Configure and use the AI assistants
Learn how to use AI to accelerate your data modeling process
In the previous exercise we have created a logical data model using the basic features of CrossModel. In this exercise we'll use the AI modeling assistant to explore other options for creating data models.
Setting up the AI modeling assistant
For using the AI modeling assistant it is necessary to enable AI support and supply an API token for a LLM. To do this, go to the menu File → Preferences → Settings.
After activating AI and providing your LLM API token you can activate the AI chat via menu View → AI chat.
Let's see if everything works by entering the following prompt:
@ModelAssistant Show me the models that contain information about customers
After processing is complete you should have an output that looks like this:
Reverse engineer the WMS data model from DDL
BrightGreen decides to implement a Warehouse Management System (WMS) to administer physical goods movements.

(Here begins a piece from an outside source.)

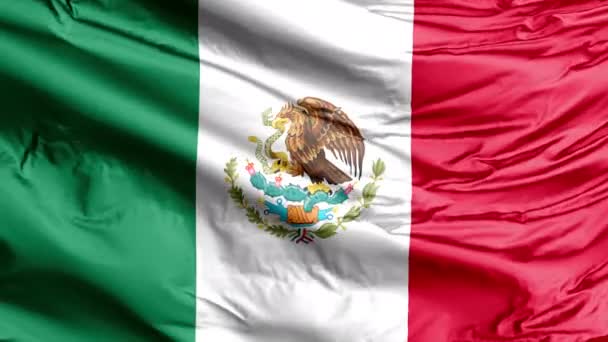 Mexicaanse Nationale Vlag Mexico World Cup 2022 Football Soccer — Stockvideo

To create a logical data model from this new system, the developer has provided you with a DDL file and a PDF with a description of the data data model. Since manually reverse engineering this into a data model is tedious, you decide to reverse engineer the DDL and documentation using the AI modeling assistant of CrossModel.
The files can be found in the Wms-files folder in the workspace. Have a look at the DDL and the PDF file if you want to read the documentation before proceeding.

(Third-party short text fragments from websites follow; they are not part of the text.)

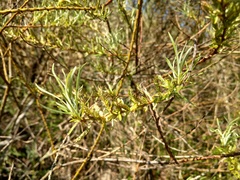 Salix eleagnos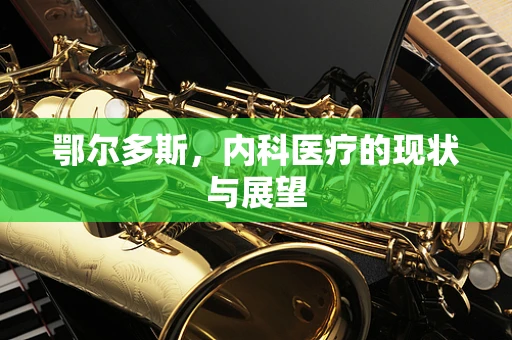 鄂尔多斯，内科医疗的现状与展望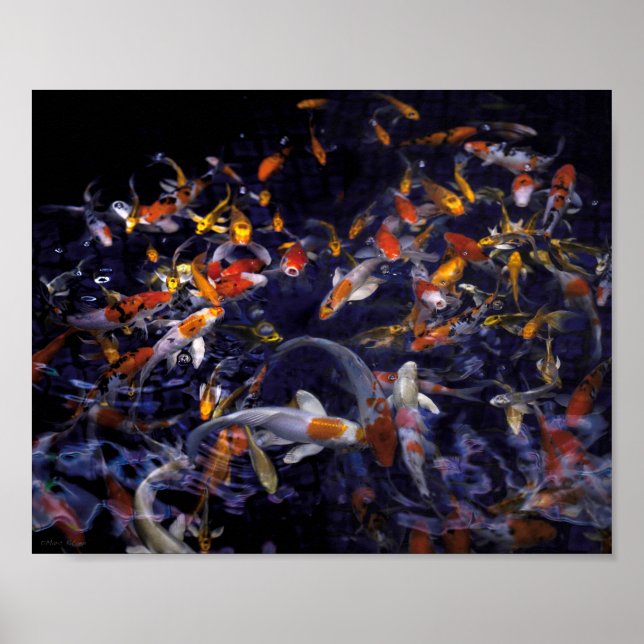 PÓSTER PESCADO KOI SOBRE FLUJO (Frente)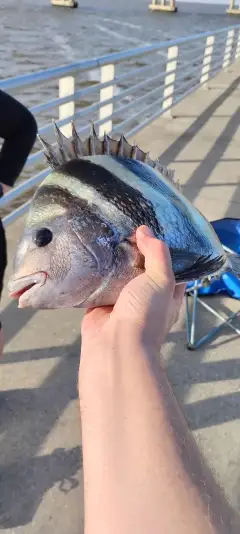 Sheepshead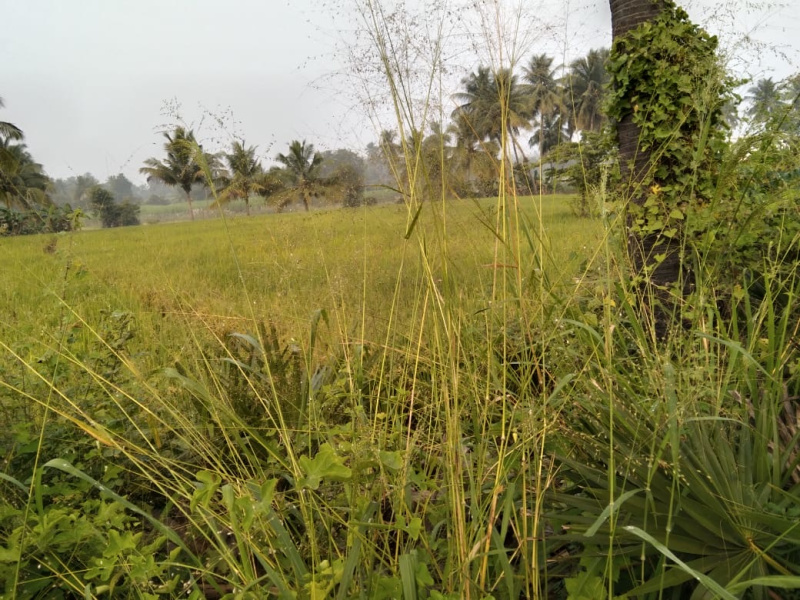  Residential Plot 150 Cent for Sale in Kanjikovil, Erode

Open the AI-chat and enter the following prompt:
@DataModeler Create a logical data model in the sources folder for the
warehouse management system. Use the attached SQL file to determine the
entities, attributes and propose relationships based on column names.

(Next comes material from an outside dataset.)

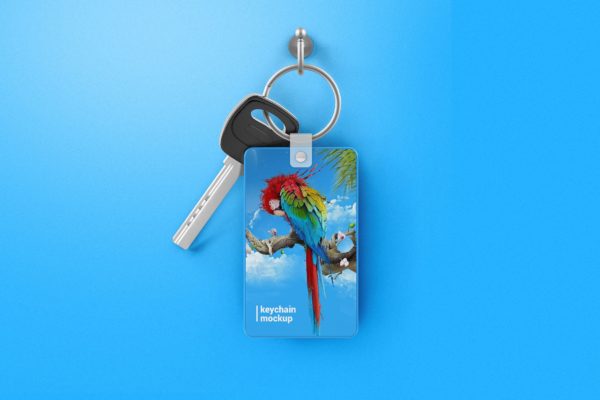 钥匙扣吊牌设计素材库精选模板 Keychain Mockup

Use the PDF to set the names and descriptions on entities and attributes
Also attach the DDL and PDF file found in the Wms-files folder to the chat, either by clicking the + sign and choosing Image File or by dragging the files in the input area of the AI-chat window.
The DataModeler AI agent will need a some time to process this request. After it completes the task, inspect the result. Notice the modeling assistant has created entities, inferred relationships and also created a diagram. The information from both the DDL file and the PDF containing the documentation is used to create the data model.
Wrapup
In this exercise we have learned how to setup AI assistance, use the ModelAssistant to ask questions about our modeling workspace and experienced how to use the DataModeler assistant to have AI support in reverse engineering a data model. In the next exercise we will explore the CrossModel features to specify data lineage between models.